DATA FOR REVIEW
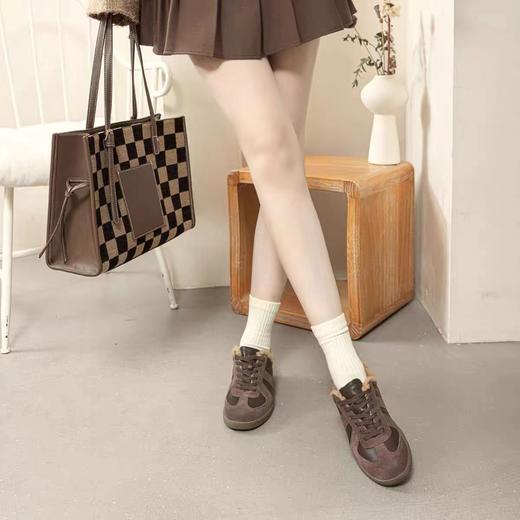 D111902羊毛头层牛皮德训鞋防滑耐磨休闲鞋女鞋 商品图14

* * *

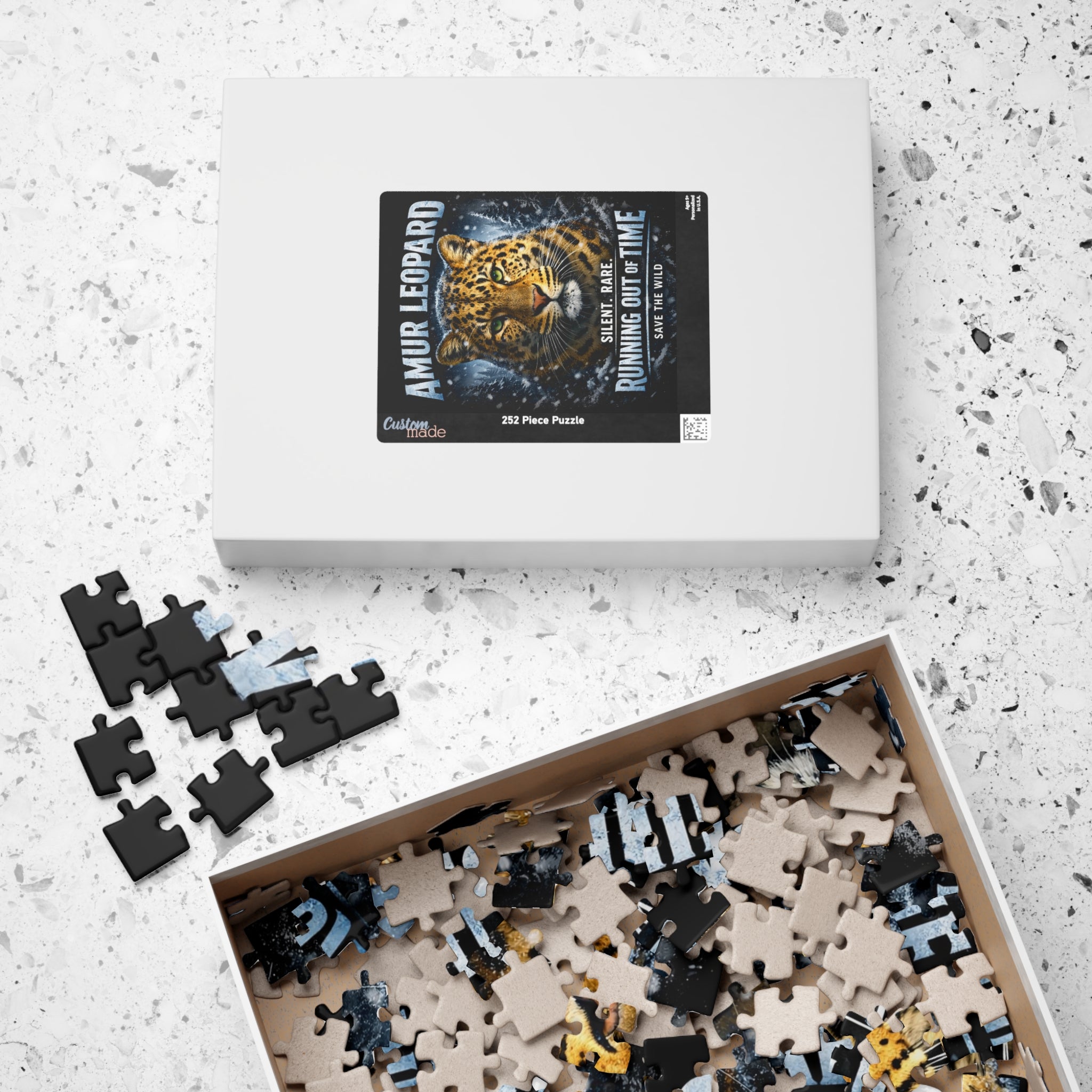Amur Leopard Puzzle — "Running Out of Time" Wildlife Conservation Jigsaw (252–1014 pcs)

---

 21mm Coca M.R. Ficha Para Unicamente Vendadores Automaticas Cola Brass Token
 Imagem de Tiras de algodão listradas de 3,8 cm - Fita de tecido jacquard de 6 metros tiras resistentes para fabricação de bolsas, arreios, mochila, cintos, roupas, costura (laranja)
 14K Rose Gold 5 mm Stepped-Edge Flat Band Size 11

ASSIGNED TASK
Reproduce exactly the entries above, limited to the lines from the one with "21mm Coca M.R." through the one with "14K Rose Gold", both included.

TASK RESULT
 21mm Coca M.R. Ficha Para Unicamente Vendadores Automaticas Cola Brass Token
 Imagem de Tiras de algodão listradas de 3,8 cm - Fita de tecido jacquard de 6 metros tiras resistentes para fabricação de bolsas, arreios, mochila, cintos, roupas, costura (laranja)
 14K Rose Gold 5 mm Stepped-Edge Flat Band Size 11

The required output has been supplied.